Da oggi il taser alla polizia è realtà

    La sperimentazione del taser fornito alla polizia è iniziata da mezzanotte in dodici città italiane. Da Milano a Palermo, quindi, gli ufficiali che hanno completato alcuni mesi di allenamento hanno nella loro fondina l’arma ad impulso elettrico che blocca per alcuni secondi i movimenti delle persone colpite. Dopo un processo iniziato nel 2014, il decreto per l’ok alla sperimentazione, affidato a carabinieri e guardiani della finanza, è stato firmato lo scorso luglio: le città coinvolte in questa prima fase sono Milano, Napoli, Torino, Bologna, Firenze, Palermo, Catania, Padova, Caserta, Reggio Emilia, Genova e Brindisi.

    Il taser “aiuterà migliaia di agenti a fare meglio il loro lavoro: per troppo tempo le nostre forze dell’ordine sono state abbandonate, è nostro dovere garantire loro gli strumenti migliori per difendere adeguatamente gli italiani, polizia e carabinieri”, quindi su Twitter del Ministro dell’Interno Matteo Salvini.

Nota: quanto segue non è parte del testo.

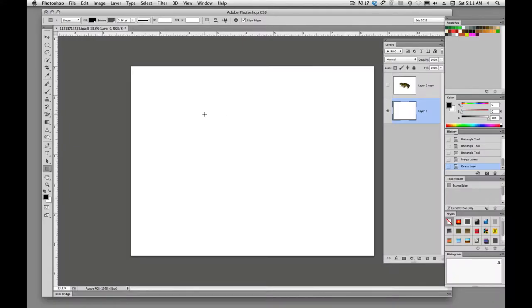Welcome back. Today I wanted to talk about the Shape Tool and Custom Shapes. Hopefully we'll get into Custom Shapes.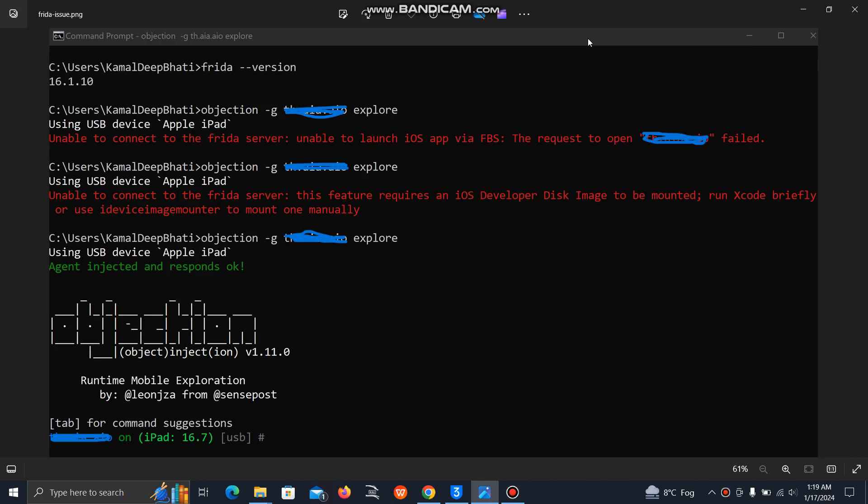In this video I will show you how you can troubleshoot your Frida related issues. Many times when using tools like objection, we get errors like unable to connect to the Frida server. First of all, you can install the same version of Frida on your device as well as your laptop, otherwise it will create issues.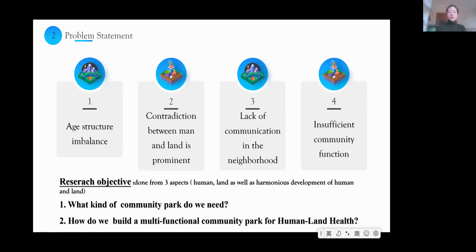In order to address these issues, we need to find solutions to two key questions. The first is: what kind of community park do we need? And the second is: how do we build a multifunctional community park for human-land health?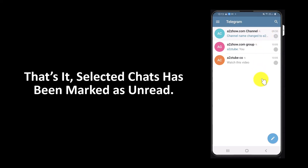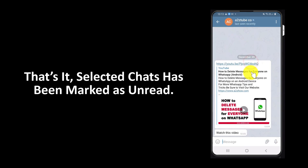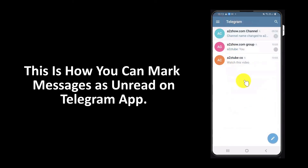That's it — the selected chats have been marked as unread. This is how you can mark messages as unread on the Telegram app.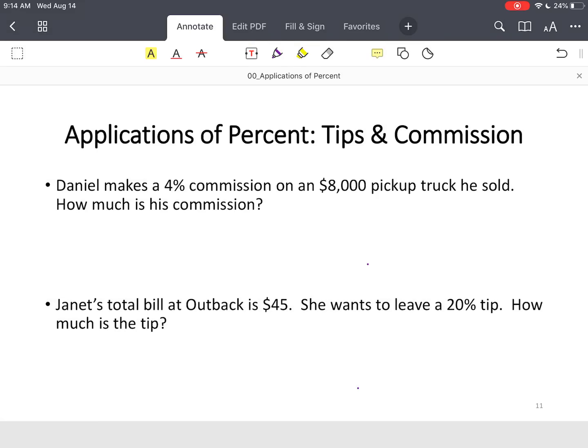All right, this is the final piece: applications of percents. These are real-life situations in which you'll find yourself applying percents.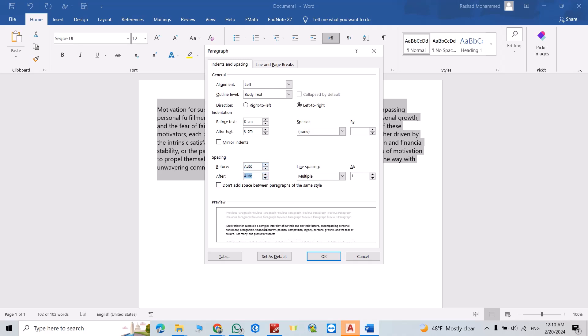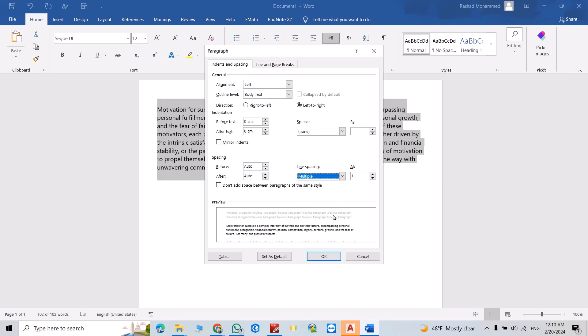After, make it Auto. Also from here, we have Single, Double—you can change it, but Multiple is the best option, I think.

    Negli ultimi giorni ci sono state delle polemiche, sollevate, tra l’altro, da Amnesty International Italia che ha espresso “preoccupazione” chiedendo “a chi monitorerà l’uso dei taser”. Mentre diversi sindacati di polizia come la FSP sono favorevoli alla sperimentazione “di fronte alla crescente sequela di violenza sulla pelle dei poliziotti italiani”. E l’assessore alla sicurezza della Lombardia, Riccardo De Corato, guarda già avanti e chiede di essere equipaggiato con le brigate di tutti i comuni lombardi. Nel mondo, il taser è già fornito alle forze di polizia di oltre 100 paesi tra cui Canada, Brasile, Australia, Nuova Zelanda, Kenya e Europa, Francia, Germania, Repubblica Ceca, Grecia e Regno Unito.

    Secondo le linee guida del ministero, la distanza consigliata per un tiro efficace va dai 3 ai 7 metri. Il taser “deve essere mostrato senza essere sfidato”, per scopi dissuasivi. E puoi sparare solo se il tentativo fallisce, ma considerando “il contesto dell’intervento e i rischi associati alla caduta della persona” e le sue possibili “condizioni visibili di vulnerabilità” (nel caso di una donna incinta, per esempio), e al potenziale rischio di incendio, scossa elettrica ed esplosione.